AIM OF THE TASK:
In the listing below, find the line containing "Venta Complejo de" and the line containing "Nearby landmark, Restaurant/places", then copy exactly everything from the first through the second, except the pictures.

DATA RECORDS:
== Segment start ==
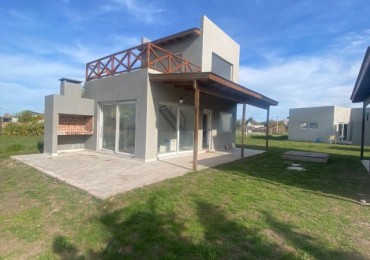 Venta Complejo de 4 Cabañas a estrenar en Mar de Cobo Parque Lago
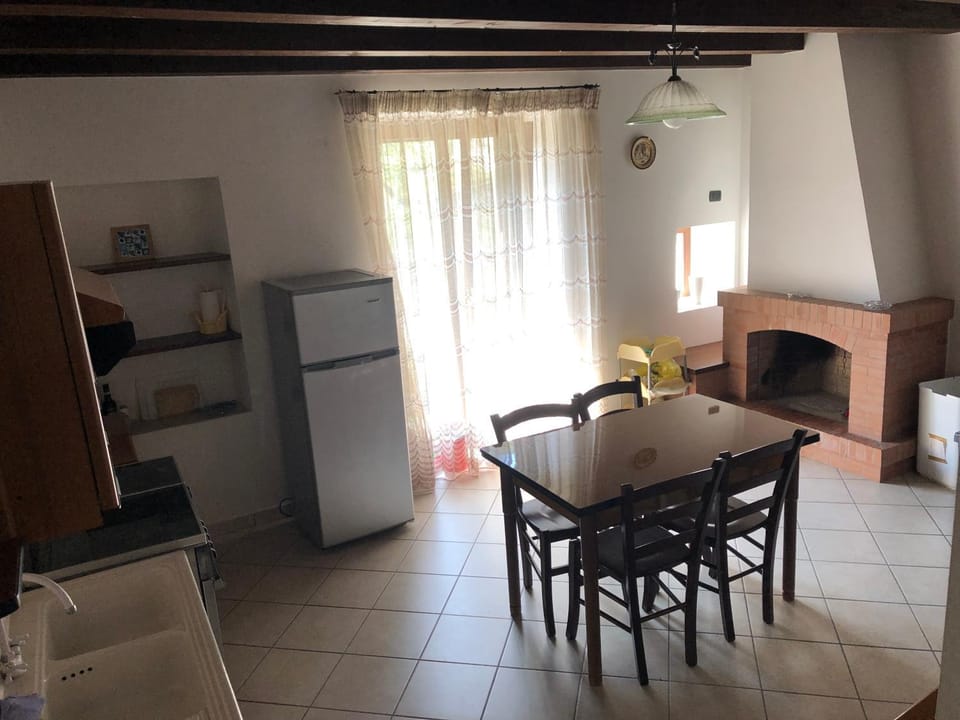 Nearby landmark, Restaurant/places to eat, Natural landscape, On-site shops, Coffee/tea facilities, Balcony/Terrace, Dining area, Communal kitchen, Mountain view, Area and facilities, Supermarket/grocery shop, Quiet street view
== Segment end ==
== Segment start ==
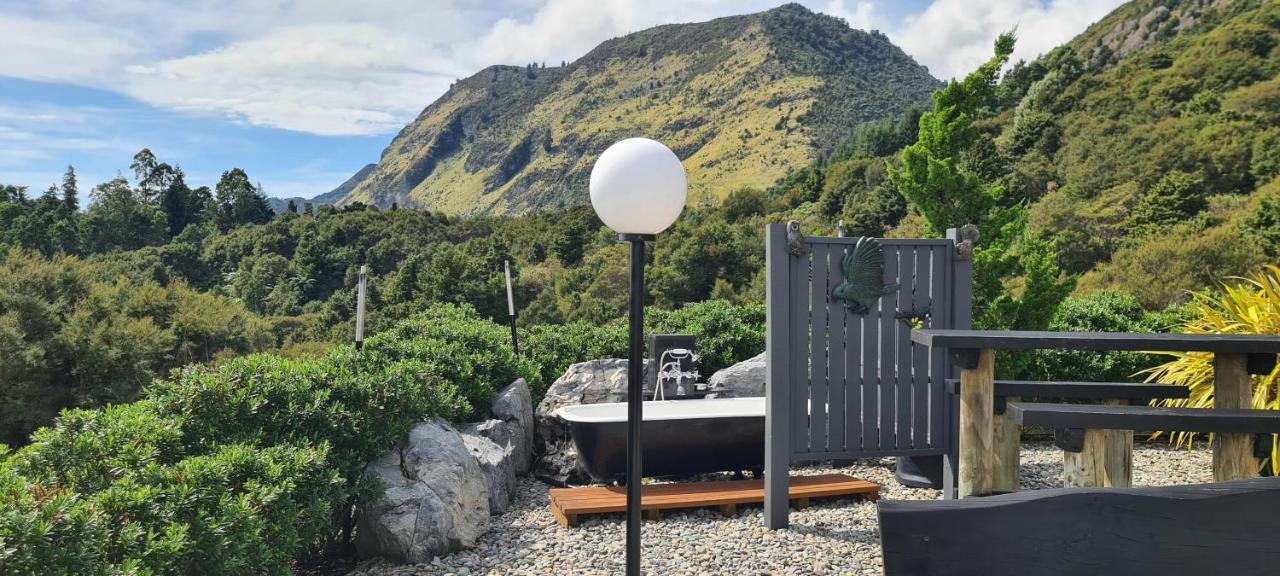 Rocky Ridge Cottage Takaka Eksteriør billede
== Segment end ==
== Segment start ==
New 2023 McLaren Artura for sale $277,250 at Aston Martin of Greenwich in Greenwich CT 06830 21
== Segment end ==
TASK OUTPUT:
 Venta Complejo de 4 Cabañas a estrenar en Mar de Cobo Parque Lago
 Nearby landmark, Restaurant/places to eat, Natural landscape, On-site shops, Coffee/tea facilities, Balcony/Terrace, Dining area, Communal kitchen, Mountain view, Area and facilities, Supermarket/grocery shop, Quiet street view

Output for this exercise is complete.